Personally, I would take the stick, so I can use the desktop PC version of programs I use. Which version of the stick is this? The old Atom Baytrail CPU? If it is I would get the big storage version (I think 32 GB and 2 GB RAM) and wipe out the OS and install a lightweight Linux distribution on it.
Using continuum or compute stick you would still need a keyboard, mouse and monitor (or HDMI port TV/monitor for compute stick) to be productive.

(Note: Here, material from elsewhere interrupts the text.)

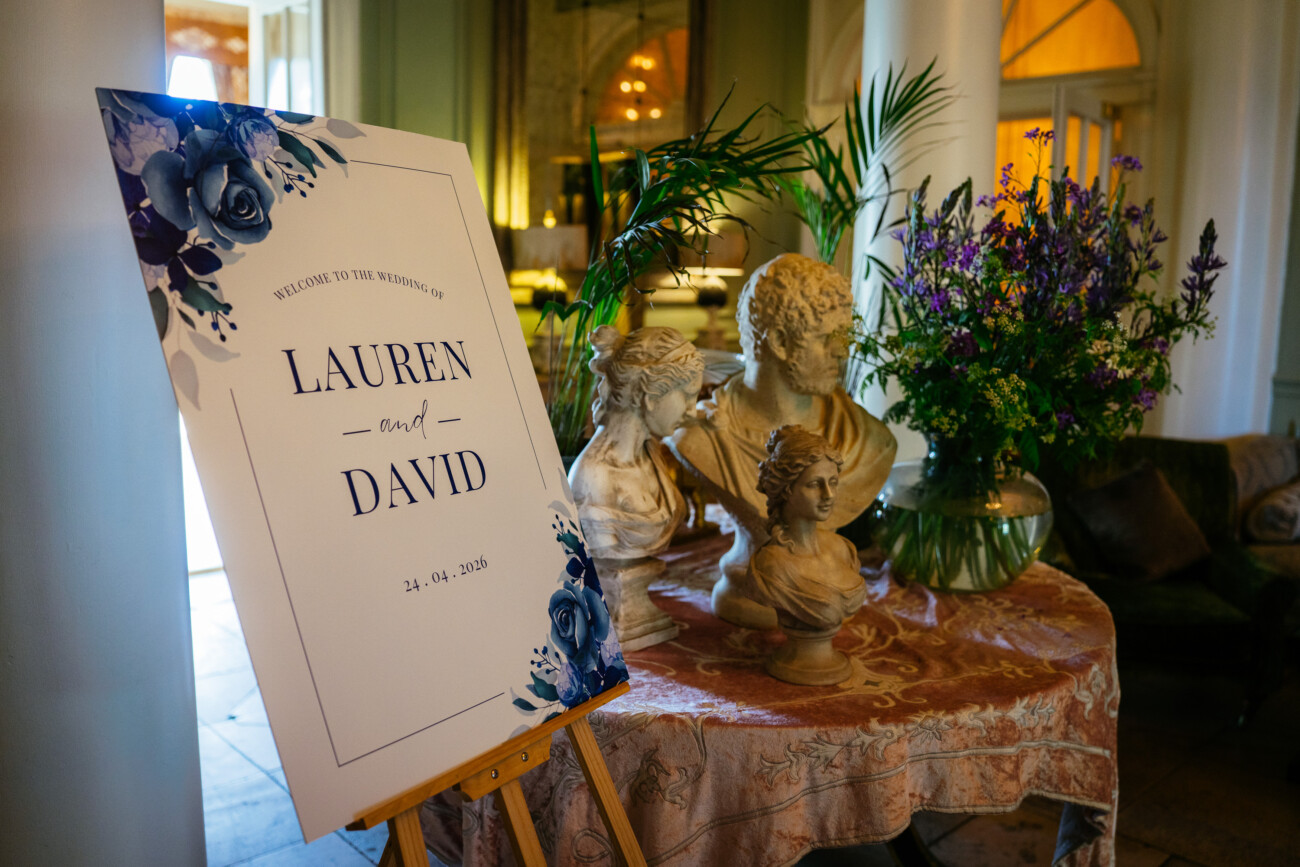 A wedding welcome sign for Lauren and David is displayed on an easel next to classical busts and a floral arrangement on a decorated table, beautifully captured through Castle Durrow Wedding Photography.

If wherever you go you will ALWAYS get access to that, then go ahead use it, otherwise get a laptop.
Continuum dock makes sense if you can borrow a PC. It is good if you don't have a desk on your workplace, or you are a traveling support or salesmen who can get access to customer PC without leaving any virus / security leak on the host. That's about the only usefulness of it.
Compute stick makes sense driving a display for advertising, kiosk or whatever. Or making power point presentations on other people projectors. It might work as an MS Office VDI terminal for a call center or bank tellers. Otherwise it is currently lacking as a HTPC or a PC replacement.
I would prefer Intel's NUC personally, the Skylake CPU ones are looking nice for HTPC, but it's price is almost the same as a good laptop. Not good enough for a gaming LAN party or Xbox / PS4 replacement.